Appeal Court explains judgment grounds in case which could affect other private clubs

The Court of Appeal has explained why it made a key ruling allowing a couple to remain members of the Singapore Swimming Club after its management committee tried to oust them.

In a decision which could affect other clubs and organisations, it also suggested that the committee should have resigned to let a neutral panel hear the case to avoid bias.

The management committee wanted to remove veteran member Mike Sim, 70, and his wife as it believed his 2012 conviction for insider trading embarrassed the club.

He sought a judicial review of the decision and won in September 2013 when the High Court ruled the club had tripped up by failing to follow the correct procedure.

A new committee then took fresh steps to oust him a month later and Mr Sim challenged its decision on the grounds of breach of natural justice in the High Court, and lost last April. He appealed again.

In a hearing in November, a key issue was that the new committee comprised six members who had sent letters in July 2013 to support the previous committee's bid to remove him.

At issue was the law of necessity and whether the principle applies to private bodies like social clubs in the way it applies to statutory tribunals or public agencies. The court found it does not.

The apex court found in Mr Sim's favour and made clear the fact that there were not enough "untainted" committee members around was no reason to continue the case on grounds of necessity.

At issue was the law of necessity and whether the principle applies to private bodies like social clubs in the way it applies to statutory tribunals or public agencies. The court found it does not.

The principle applies to enable a decision-maker who is disqualified because of his bias to decide on a complaint or dispute where no else suitable is available or where a quorum - a minimum number of members - is needed.

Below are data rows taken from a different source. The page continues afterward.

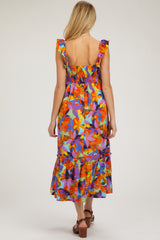 woman wearing a colorful floral printed maternity dress with ruffle straps and a tiered hem, showing her baby bump from the back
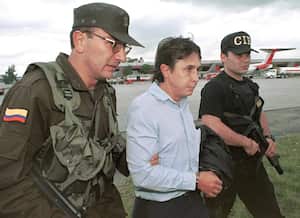 Prominent Colombian drug trafficker Fabio Ochoa Vasquez(C) is escorted by police as he arrives in Bogota 13 October 1999 shortly after he was captured along with another 29 narco-smugglers by Colombian authorities as part of a massive international sting operation code-named "Operation Millennium"involving the US, Mexico and Ecuador. AFP PHOTO/COLOMBIAN POLICE (Photo by JAVIER CASELLA / COLOMBIAN POLICE / AFP)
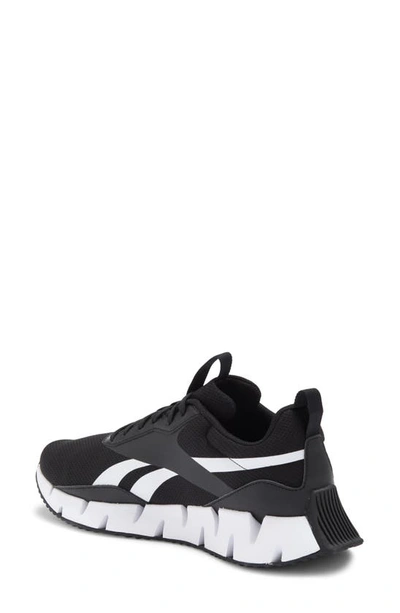 Shop Reebok Zig Dynamica Sneaker In Black/ White/ Black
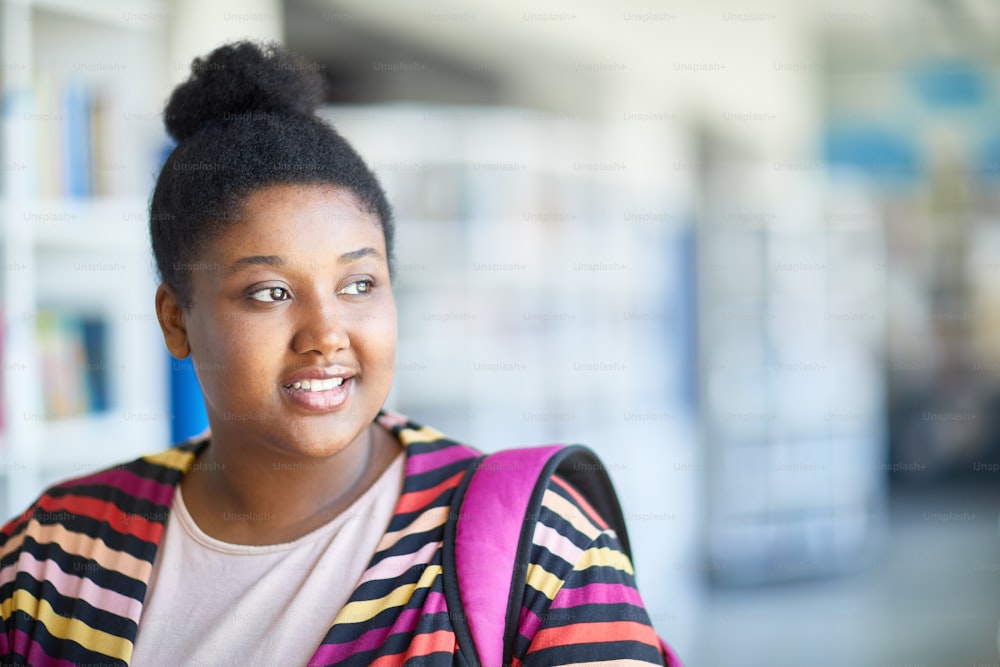 Sonriendo atractiva estudiante afroamericana con sobrepeso con moño de pelo reflexionando sobre el futuro y mirando a un lado mientras piensa en el ingreso a la universidad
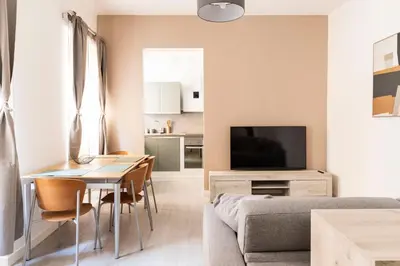 a living room with a couch and a table and a television at Comfort Suite Balduina - Rome in Rome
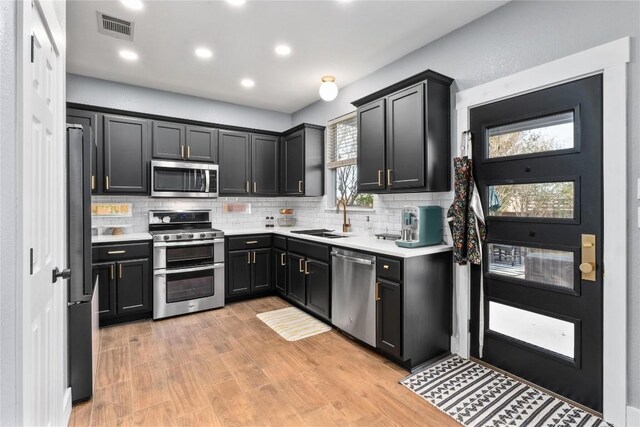 kitchen featuring stainless steel appliances, light hardwood / wood-style floors, backsplash, and sink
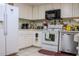 Well-lit kitchen features white cabinets, stainless steel appliances, and tile floors at 3233 Gardner Rd, Lakeland, FL 33810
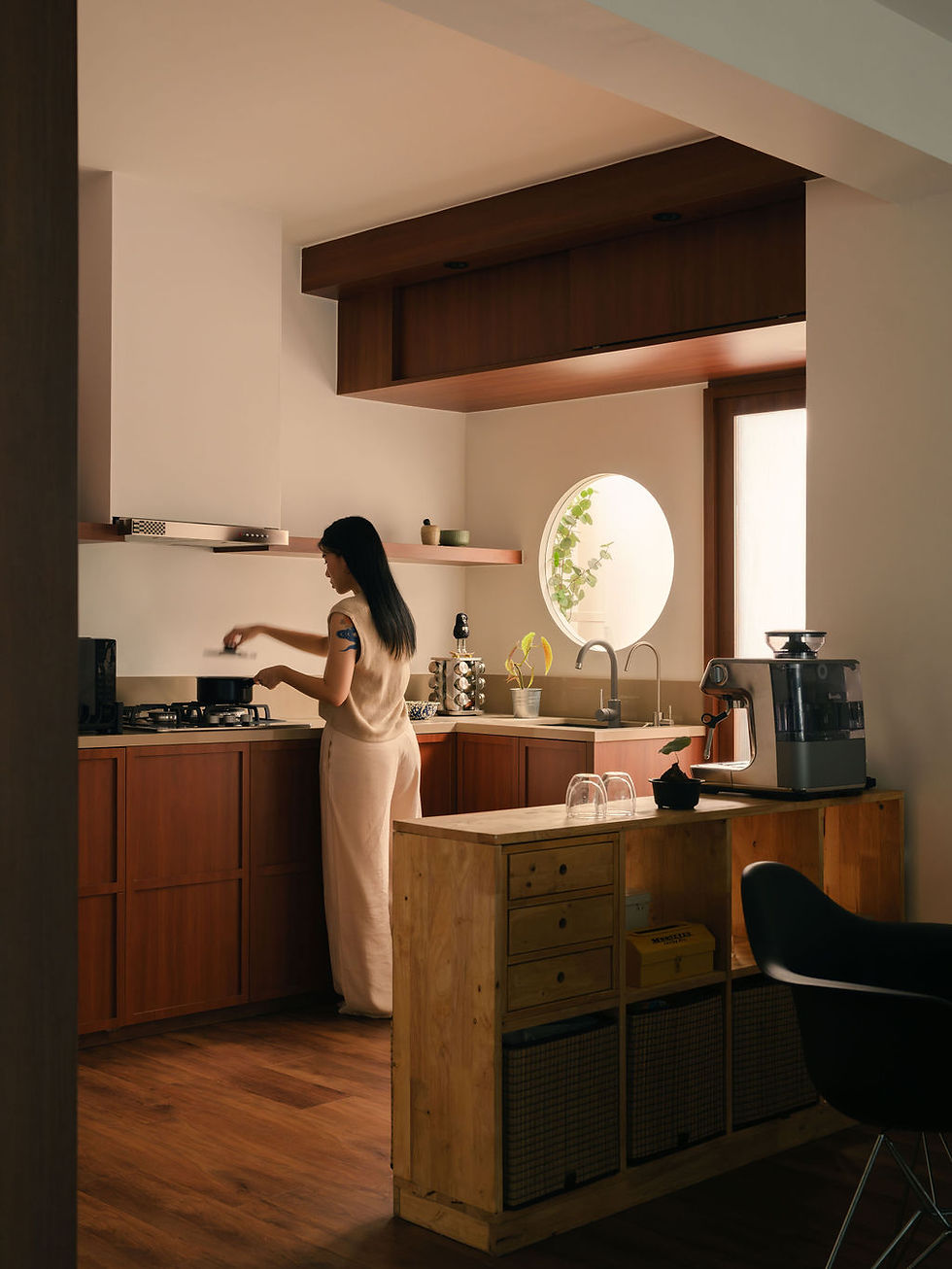 cooking in an open-concept kitchen; coffee machine on a slim rack; mid-century modern interior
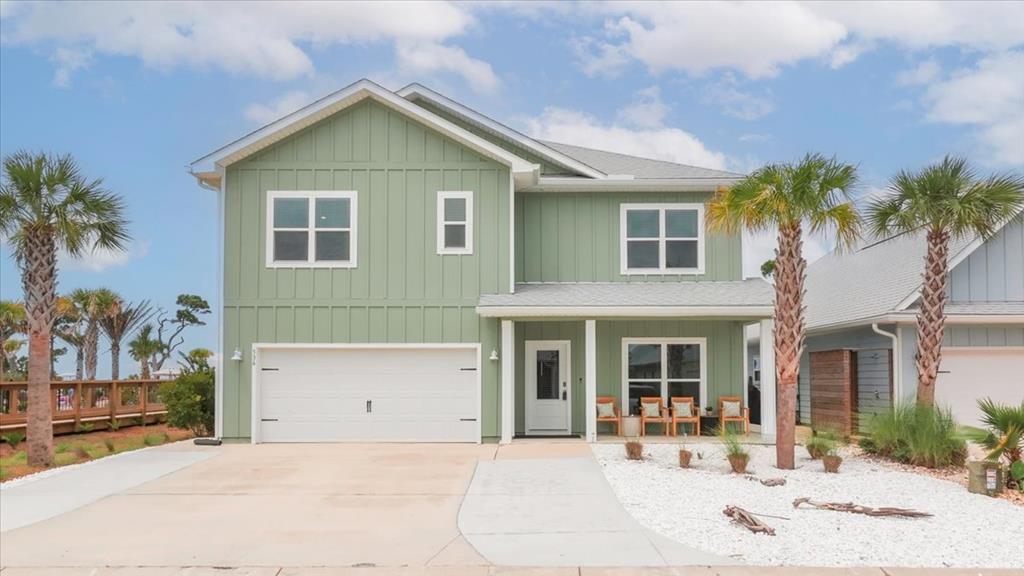 Sage-green two-story coastal home with a double garage, furnished porch, and palm trees.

All six members of the relevant management committee should have been disqualified "on the ground of prejudgment amounting to actual bias", the court said in judgment grounds released last week.

The apex court - comprising Chief Justice Sundaresh Menon, Judge of Appeal Andrew Phang and Senior Judge Chan Sek Keong - found the committee had already made up its mind when it met in October 2013 to suspend Mr Sim for his criminal conviction with a view to ceasing his membership within six months.

WongPartnership lawyer Chang Man Phing argued that the principle of necessity applied as without the six members there would be no quorum, because there was no one else available. Other committee members had to be dropped because of conflicts of interest .

Mr Sim's lawyer R S Bajwa countered that the principle did not apply as its purpose is to prevent a failure of justice, citing an English precedent. The court concurred.

It pointed out that private associations do not suffer the same constraints as statutory tribunals and ruled the principle of necessity is not applicable to social clubs and other private entities, like the Singapore Swimming Club.

"It is contrary to the rule of law if the principle would enable them to adopt disciplinary and other control rules that exempt them from having to observe the rules of natural justice," said SJ Chan. " The principle of necessity would then become a source of injustice rather than a bulwark against injustice."

The court, which awarded $30,000 in legal costs to Mr Sim, directed the case be referred to an assistant registrar to assess the damages payable to the couple for temporary loss of membership privileges and mental distress caused by the suspension.